Self-Powered Bipolar Photodetector Based on the MoOx/CdSe/SnTe Structure Toward the Application in Secure Optical Communication

Bipolar photodetectors, characterized by their ability to reverse output current polarity in response to external illumination, have garnered significant research attention in recent years. This study presents a self-powered bipolar photodetector based on a MoOx/CdSe/SnTe heterostructure, emphasizing its potential application in secure optical communication systems. The device employs a back-to-back diode configuration, leveraging on the photovoltaic effect, to facilitate the separation and transportation of photogenerated charge carriers. The MoOx/CdSe and CdSe/SnTe junctions are instrumental in establishing the built-in potential, leading to the generation of a negative photocurrent under short-wavelength illumination and a positive photocurrent under long-wavelength illumination, exhibiting response times within the microsecond range.
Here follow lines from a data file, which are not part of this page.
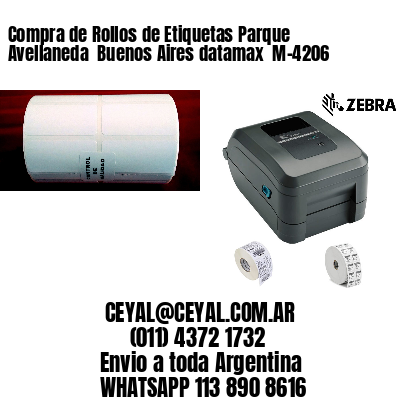 Compra de Rollos de Etiquetas Parque Avellaneda  Buenos Aires datamax  M-4206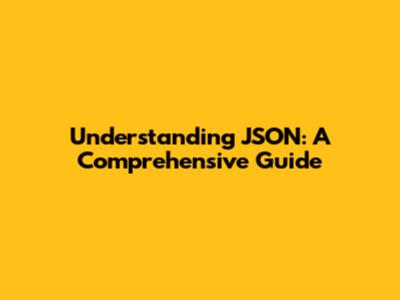 Understanding JSON: A Comprehensive Guide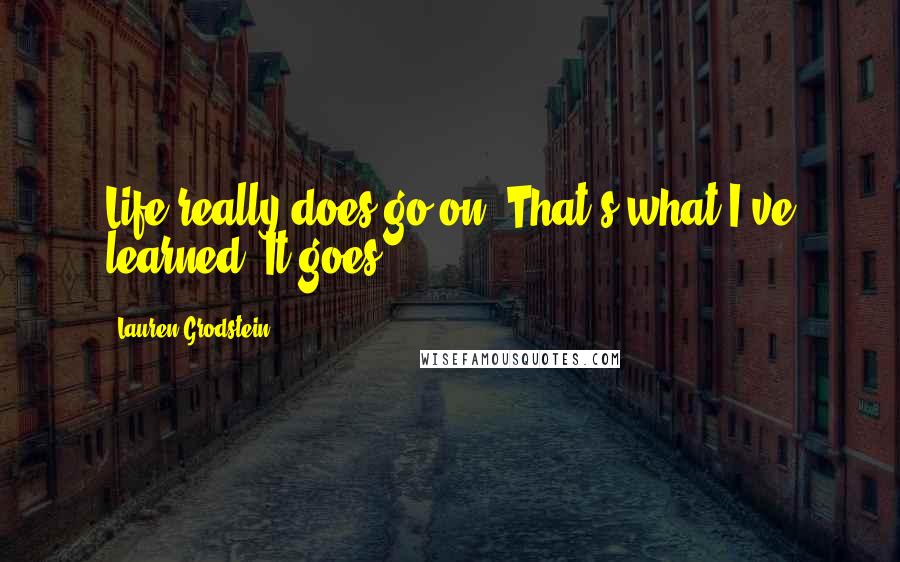 Lauren Grodstein Quotes: Life really does go on. That's what I've learned. It goes.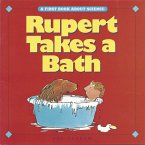 Rupert Takes A Bath (eBook, PDF)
The device's swift response and precise control make it highly suitable for secure communication systems. Employing the bipolar photodetector as a light signal receiver, a secure optical communication system was demonstrated, wherein the 735 nm light, serving as a positive valid signal, was effectively masked by the 405 nm light negative interference signal. This investigation provides valuable insights into the fabrication and performance optimization of wavelength-dependent bipolar photodetectors featuring a wide-narrow bandgap back-to-back diode heterostructure.